From the records below, extract only the lines running from the line with "Luxurious 3 Br+maid|" to the line with "Petit bracelet bleu", both lines included, reproducing them exactly.

START Data for review

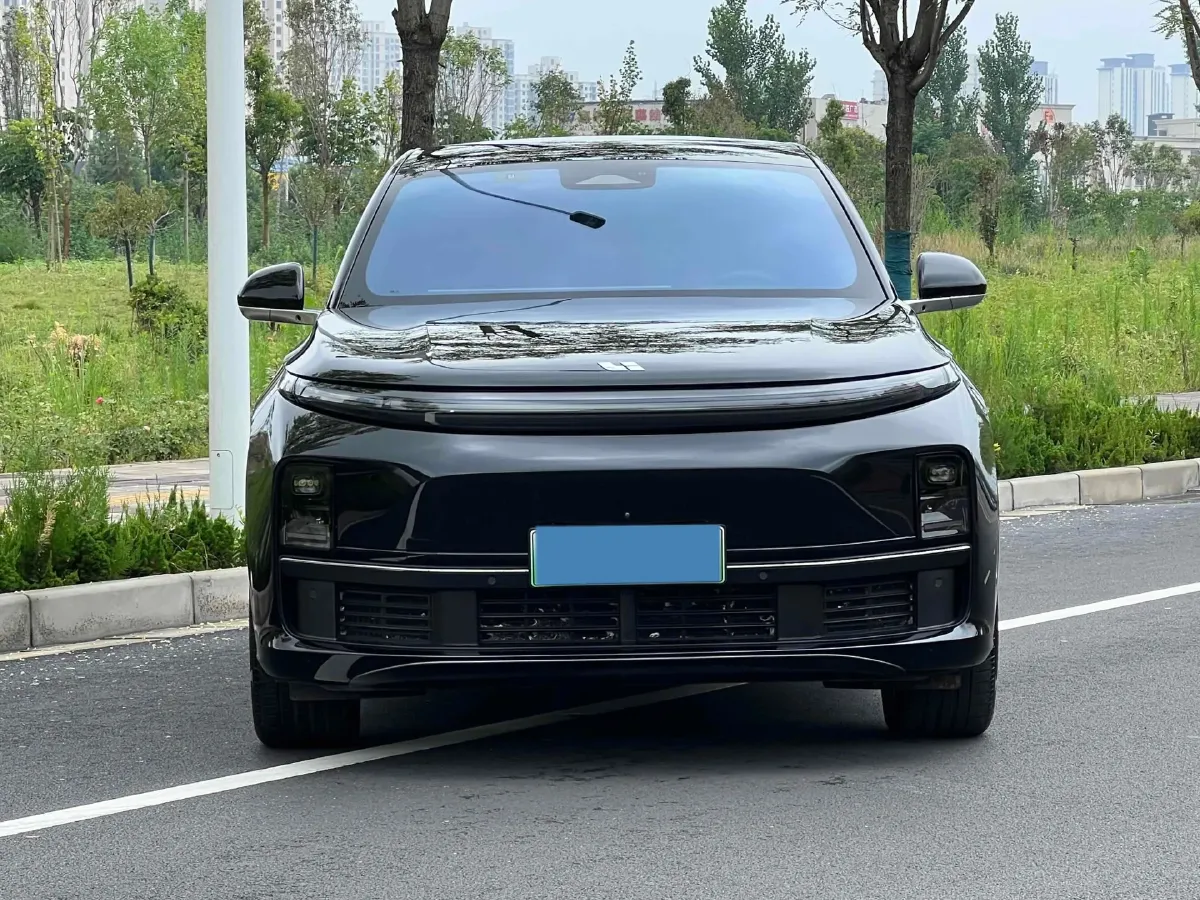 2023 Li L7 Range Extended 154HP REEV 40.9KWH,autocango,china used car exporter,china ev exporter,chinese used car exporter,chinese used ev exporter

END Data for review
START Data for review

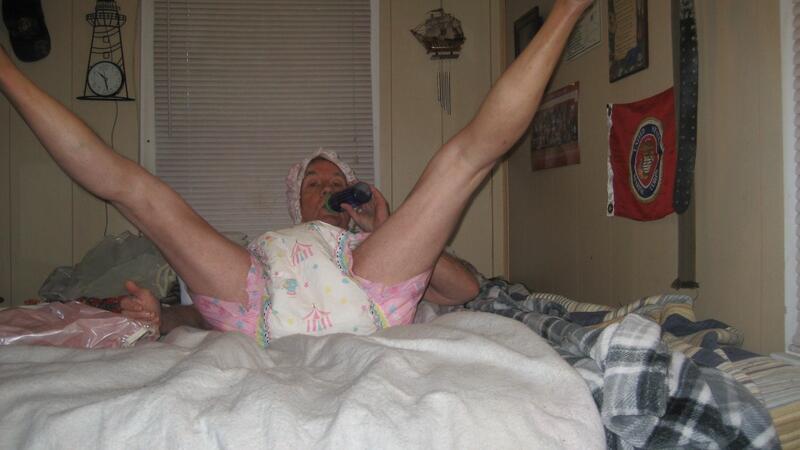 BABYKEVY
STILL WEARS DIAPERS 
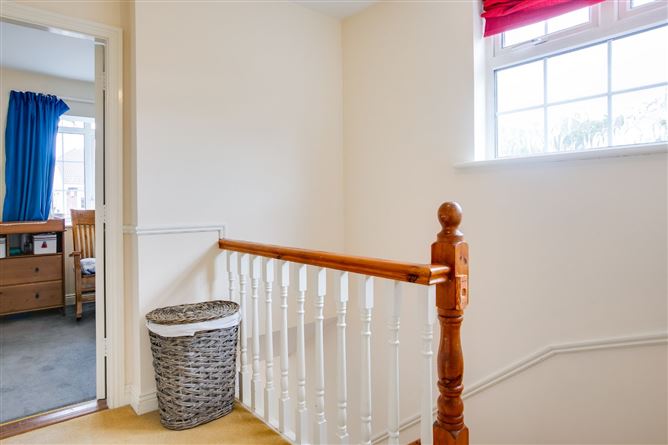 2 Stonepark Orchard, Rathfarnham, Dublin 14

END Data for review
START Data for review

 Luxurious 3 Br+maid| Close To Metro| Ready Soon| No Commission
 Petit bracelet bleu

END Data for review

**Exercise response:**
 Luxurious 3 Br+maid| Close To Metro| Ready Soon| No Commission
 Petit bracelet bleu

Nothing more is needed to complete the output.